The women who are going to read for you tonight, Cheryl and Edith, were also sexually abused as children. They are fortunate enough to have come of age at a time when the silence and fear that once surrounded this subject no longer dominates our public consciousness. Nonetheless, writing has been for them a way both of breaking the isolation that abusers inevitably impose on their victims and of making meaning, personal and political, out of their experience. I am honored, humbled and simply happy that they trusted me enough to help them learn the craft necessary to speak that meaning as compellingly as you will hear them speak tonight.
What they read may make you uncomfortable. It should. Abuse is ugly, and confronting it is never easy. If you look closely, however, and are willing to listen, there is beauty to be found in that confrontation–not the easy and often reactionary responses you hear from politicians and the media, but the carefully polished and hard-won moments of hope that let you know healing and transformation, both personal and collective, are possible.
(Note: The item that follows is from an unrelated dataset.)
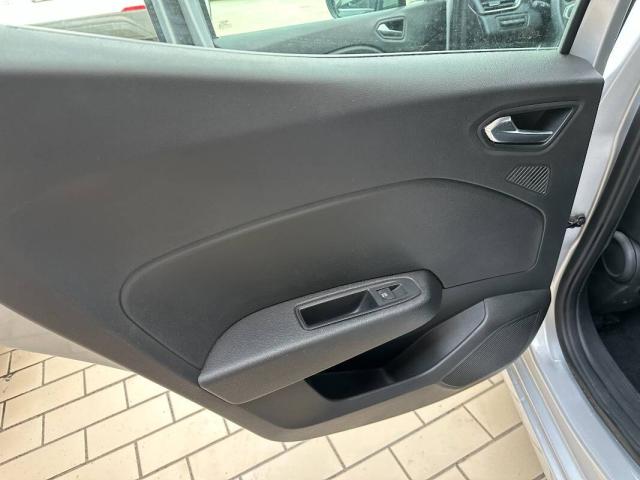 Renault Clio 1.0 tce Business 90cv my21 - Immagine 9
When I finished reading it, you could hear a pin drop, and the uncomfortable silence continued until Edith, who read first, looked up from the last page of her piece, and received a well-deserved standing ovation. When Cheryl finished reading her essay, the audience stood for her as well, and not a few people–students, faculty, administration–came over to congratulate them afterwards. The only one of my colleagues who said anything to me was a guy from the Math department who complained that I’d made a mockery of the event by allowing my students to read such inappropriate pieces of work. We argued for a bit, neither persuading the other, and when he left, I was happy to recede into the background. Neither my decisions as the supervisor of the independent study nor the revelations I’d made in my introduction were the point of the evening, which was supposed to be Cheryl and Edith’s moment to shine, and I was happy and humbled and proud that they were indeed shining.
For myself, however, delivering that introduction was transformative. It was the first time that I’d publicly claimed my identity as a survivor of sexual abuse not just for its own sake, but as a legitimate perspective through which to understand and make decisions about actions I wanted to take that were not directly connected to my own sexuality. It was, in other words, the moment I first began to work through what a “politics of survivorship,” or at least my politics of survivorship, might look like. And I have Edith and Cheryl to thank for teaching me that.
Cross-posted on my blog.
Thank you, Richard.
[Slow clap.]
“…purposely not saying what she was afraid would split her world so wide open she might never be able to make it whole again.” <- I've never seen this precise feeling so articulately written. Thank you for that.
This is a great piece of writing. Thank you.